#### EXERCISE GOAL:
In the listing below, locate the line that contains "Hum Indians ka" and the line that contains "#cricket #cricketworldcup #icc". Restate word for word those two lines and every line between them, and nothing else.

#### SOURCE RECORDS:
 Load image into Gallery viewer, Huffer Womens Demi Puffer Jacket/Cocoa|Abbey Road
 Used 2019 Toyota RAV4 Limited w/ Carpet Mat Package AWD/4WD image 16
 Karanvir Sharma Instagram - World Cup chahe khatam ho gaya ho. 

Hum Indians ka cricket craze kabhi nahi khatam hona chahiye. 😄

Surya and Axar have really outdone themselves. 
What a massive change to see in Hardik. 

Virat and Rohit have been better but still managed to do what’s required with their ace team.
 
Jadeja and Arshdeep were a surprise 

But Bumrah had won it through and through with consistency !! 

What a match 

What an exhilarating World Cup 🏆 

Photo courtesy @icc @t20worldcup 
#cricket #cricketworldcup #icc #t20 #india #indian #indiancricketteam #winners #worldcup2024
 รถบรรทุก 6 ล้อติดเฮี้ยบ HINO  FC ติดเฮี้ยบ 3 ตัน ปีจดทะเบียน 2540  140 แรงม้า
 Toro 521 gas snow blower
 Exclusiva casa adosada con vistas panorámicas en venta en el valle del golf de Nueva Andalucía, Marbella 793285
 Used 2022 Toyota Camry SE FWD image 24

==

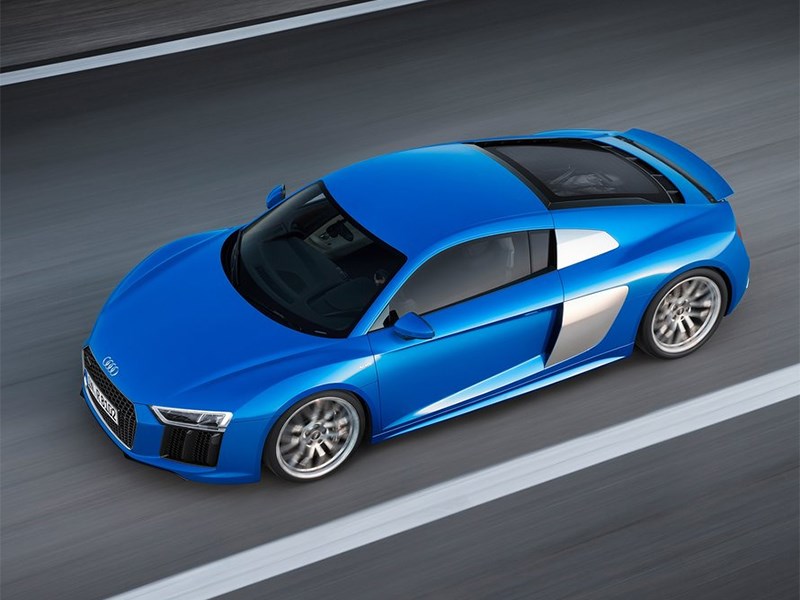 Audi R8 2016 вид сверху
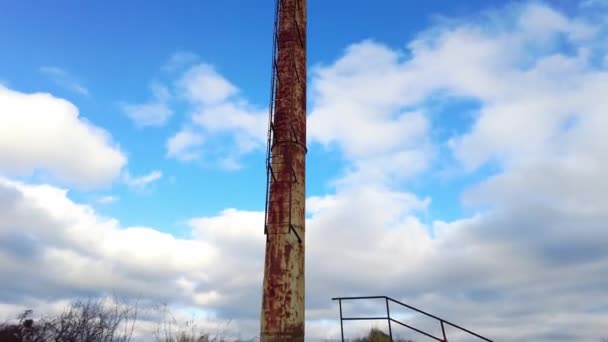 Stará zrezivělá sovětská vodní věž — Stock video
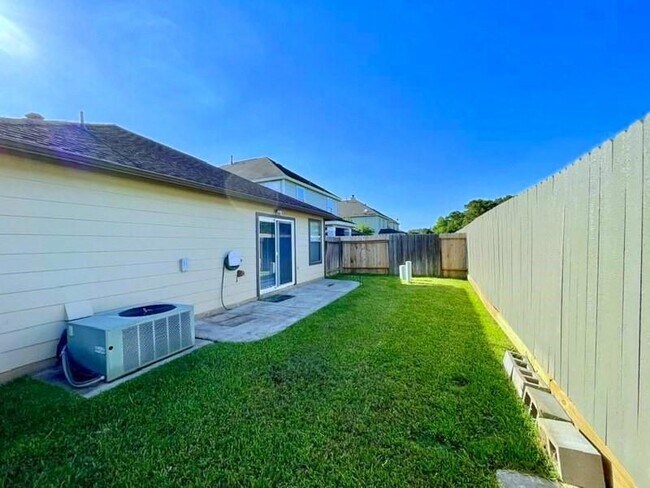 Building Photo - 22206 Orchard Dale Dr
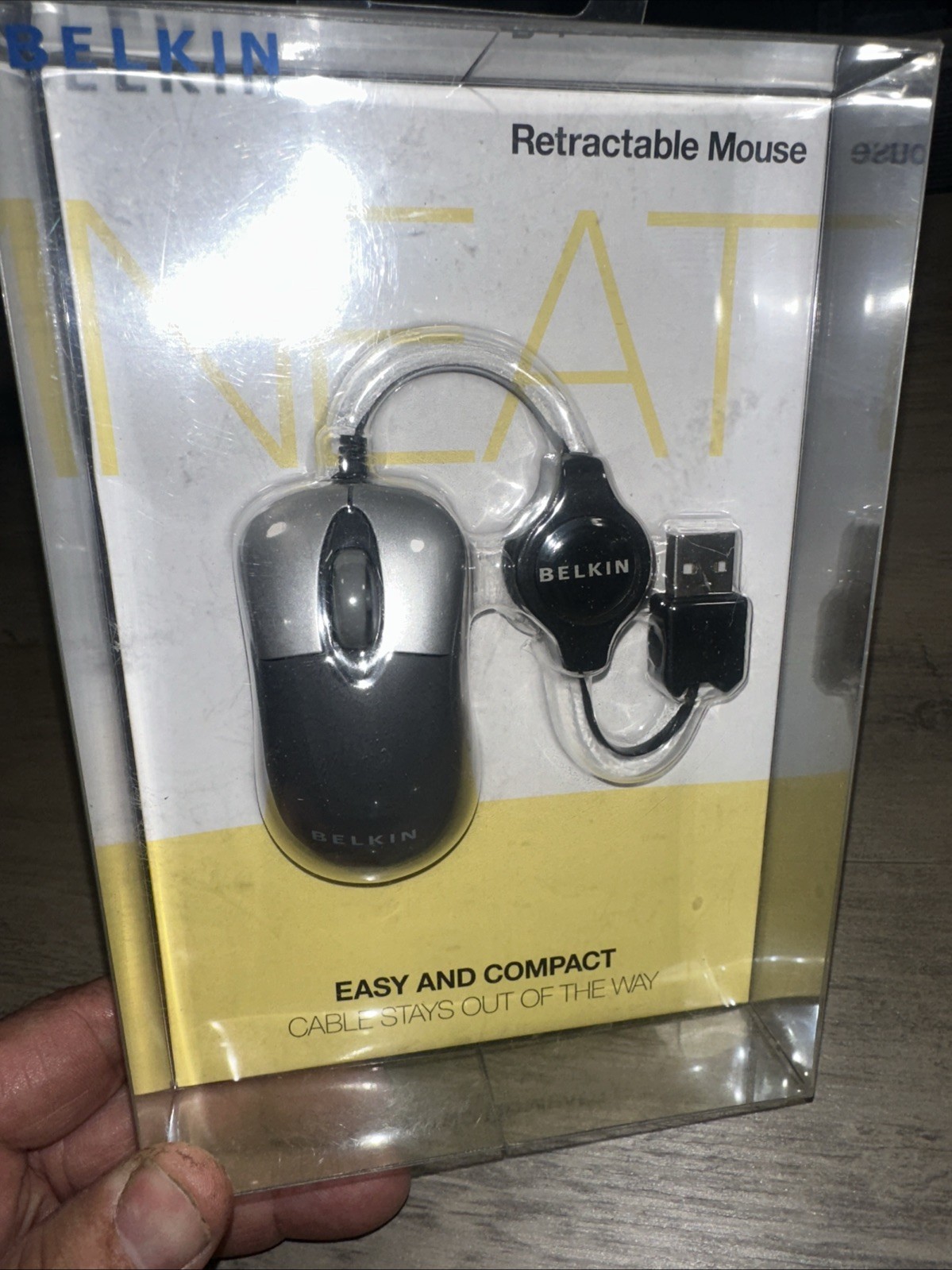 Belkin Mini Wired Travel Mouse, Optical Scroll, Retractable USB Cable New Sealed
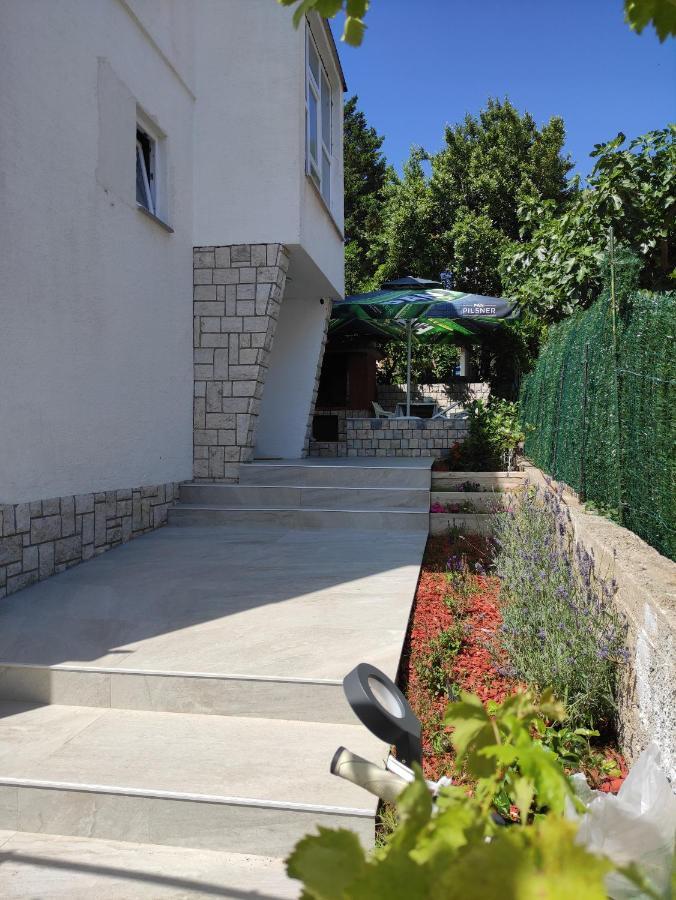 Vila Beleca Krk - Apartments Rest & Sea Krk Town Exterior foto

---

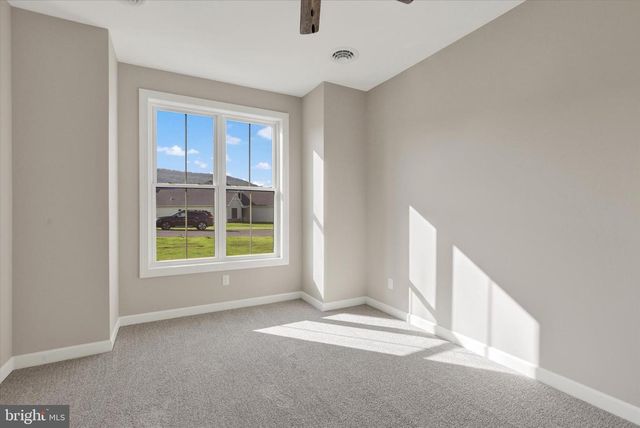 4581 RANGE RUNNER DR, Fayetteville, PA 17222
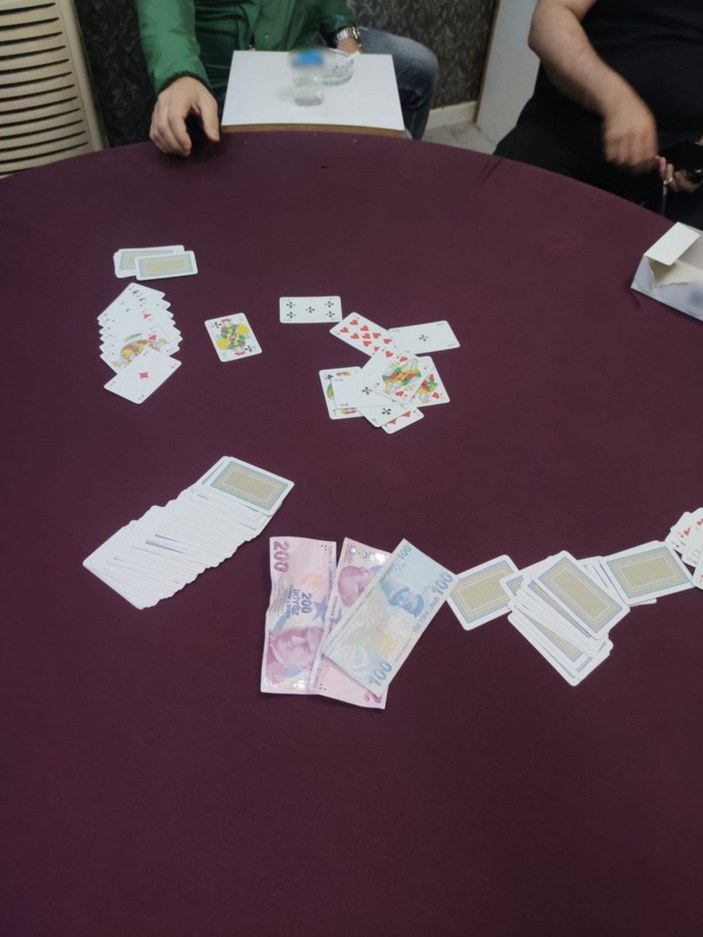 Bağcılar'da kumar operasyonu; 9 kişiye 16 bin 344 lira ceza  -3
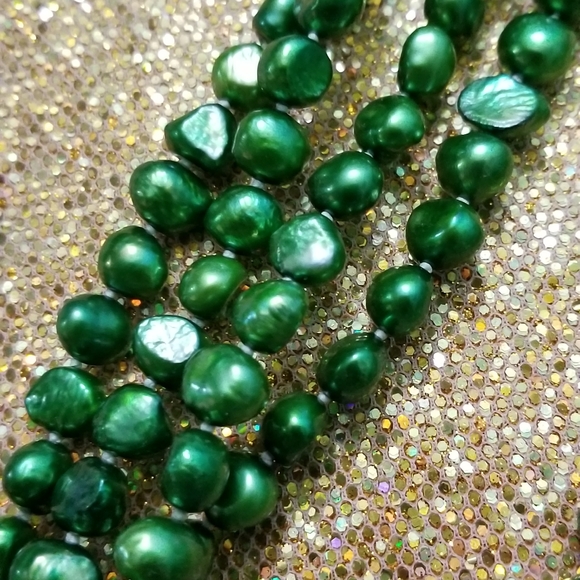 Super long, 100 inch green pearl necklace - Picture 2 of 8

#### RESPONSE TO THIS EXERCISE:
Hum Indians ka cricket craze kabhi nahi khatam hona chahiye. 😄

Surya and Axar have really outdone themselves. 
What a massive change to see in Hardik. 

Virat and Rohit have been better but still managed to do what’s required with their ace team.
 
Jadeja and Arshdeep were a surprise 

But Bumrah had won it through and through with consistency !! 

What a match 

What an exhilarating World Cup 🏆 

Photo courtesy @icc @t20worldcup 
#cricket #cricketworldcup #icc #t20 #india #indian #indiancricketteam #winners #worldcup2024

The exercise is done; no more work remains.